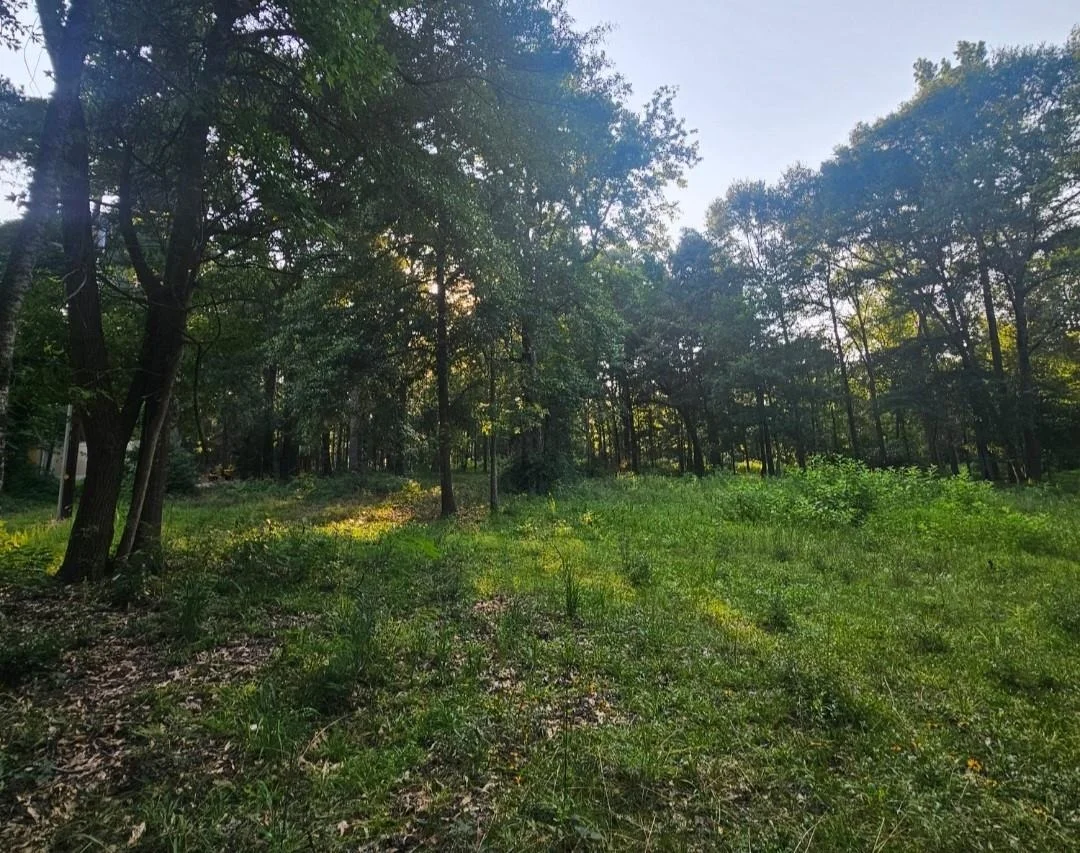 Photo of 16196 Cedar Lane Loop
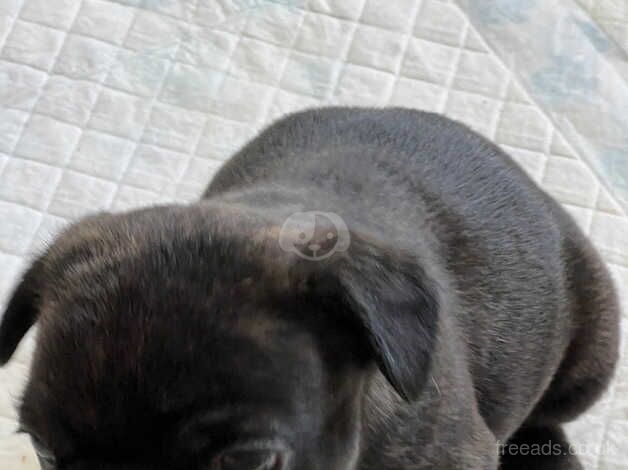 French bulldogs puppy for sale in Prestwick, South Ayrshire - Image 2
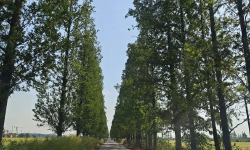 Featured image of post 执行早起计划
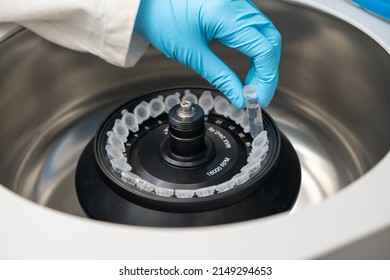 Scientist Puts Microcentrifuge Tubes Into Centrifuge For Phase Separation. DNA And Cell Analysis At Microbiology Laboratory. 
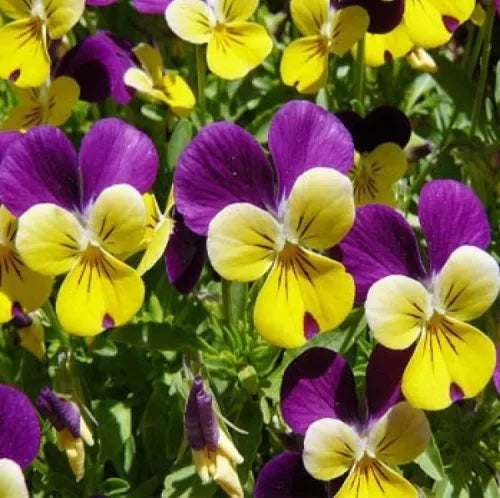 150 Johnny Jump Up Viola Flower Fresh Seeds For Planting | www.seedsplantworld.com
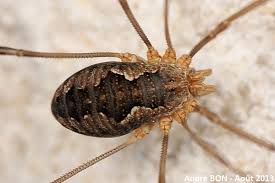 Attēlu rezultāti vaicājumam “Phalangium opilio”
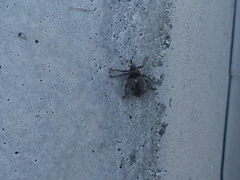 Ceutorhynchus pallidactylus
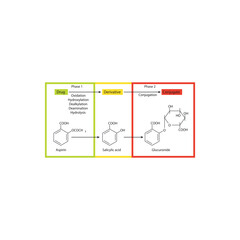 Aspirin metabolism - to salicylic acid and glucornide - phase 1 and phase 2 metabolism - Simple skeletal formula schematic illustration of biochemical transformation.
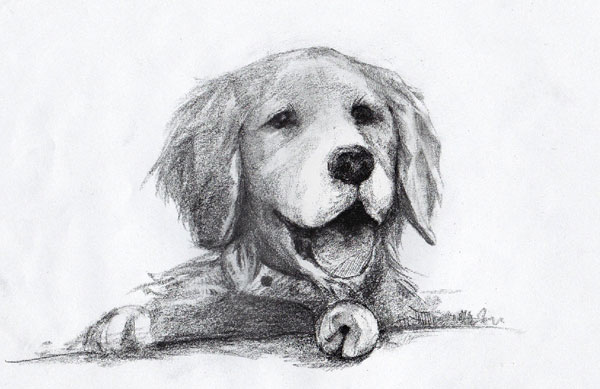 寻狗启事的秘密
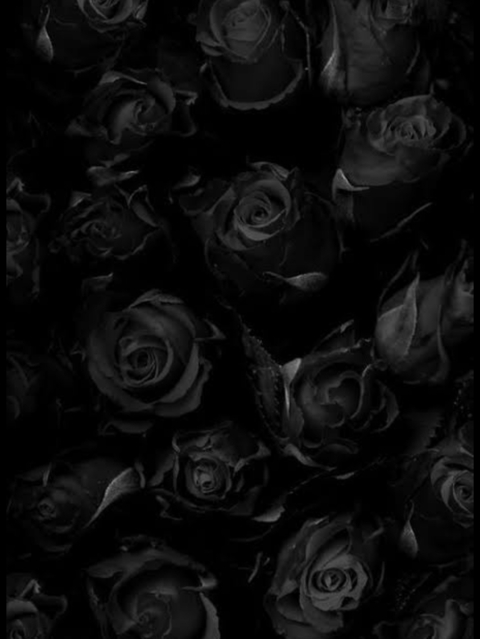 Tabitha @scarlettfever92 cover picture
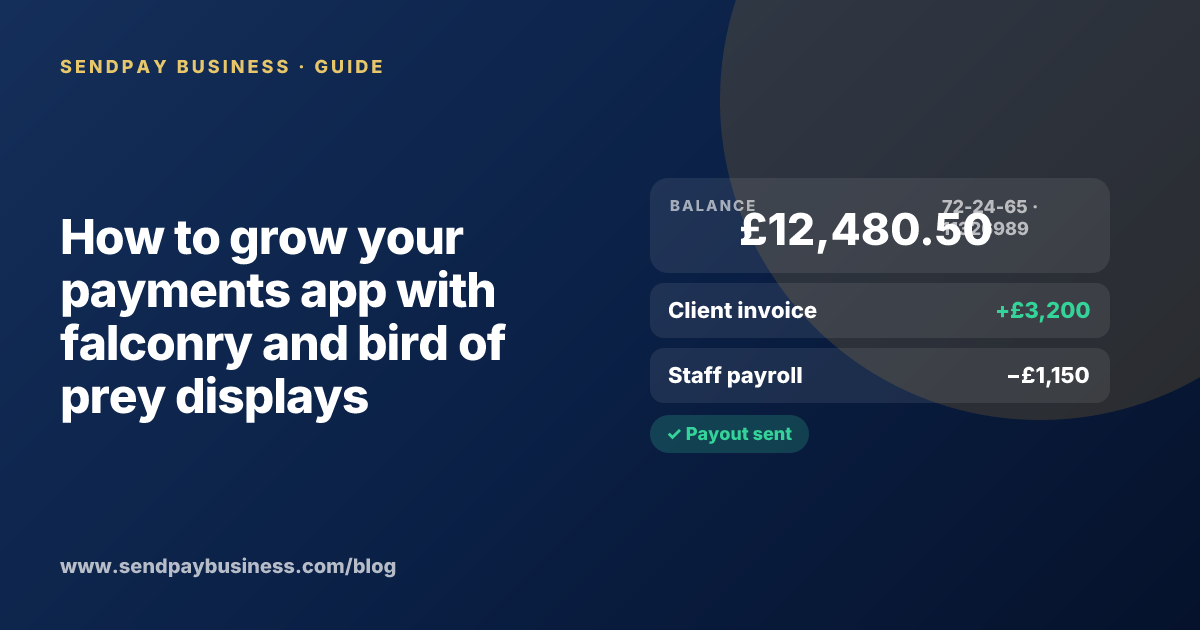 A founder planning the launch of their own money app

--

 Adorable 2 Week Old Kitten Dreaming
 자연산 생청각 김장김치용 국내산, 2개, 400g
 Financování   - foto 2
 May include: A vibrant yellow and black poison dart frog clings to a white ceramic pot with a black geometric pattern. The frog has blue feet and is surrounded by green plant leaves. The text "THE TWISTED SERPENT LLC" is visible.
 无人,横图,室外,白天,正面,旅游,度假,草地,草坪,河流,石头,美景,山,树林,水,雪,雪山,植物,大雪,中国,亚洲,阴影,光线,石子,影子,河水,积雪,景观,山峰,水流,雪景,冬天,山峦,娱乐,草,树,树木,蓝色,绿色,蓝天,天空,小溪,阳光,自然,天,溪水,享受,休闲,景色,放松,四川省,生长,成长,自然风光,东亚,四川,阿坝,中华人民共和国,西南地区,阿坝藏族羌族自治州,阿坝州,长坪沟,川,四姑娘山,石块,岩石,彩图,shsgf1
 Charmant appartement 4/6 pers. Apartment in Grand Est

Your task:
Above are some entries; copy exactly the lines from the line with "Photo of 16196 Cedar Lane Loop" through the line with "A founder planning", both included, but none of the pictures.

Answer box:
 Photo of 16196 Cedar Lane Loop
 French bulldogs puppy for sale in Prestwick, South Ayrshire - Image 2
 Featured image of post 执行早起计划
 Scientist Puts Microcentrifuge Tubes Into Centrifuge For Phase Separation. DNA And Cell Analysis At Microbiology Laboratory. 
 150 Johnny Jump Up Viola Flower Fresh Seeds For Planting | www.seedsplantworld.com
 Attēlu rezultāti vaicājumam “Phalangium opilio”
 Ceutorhynchus pallidactylus
 Aspirin metabolism - to salicylic acid and glucornide - phase 1 and phase 2 metabolism - Simple skeletal formula schematic illustration of biochemical transformation.
 寻狗启事的秘密
 Tabitha @scarlettfever92 cover picture
 A founder planning the launch of their own money app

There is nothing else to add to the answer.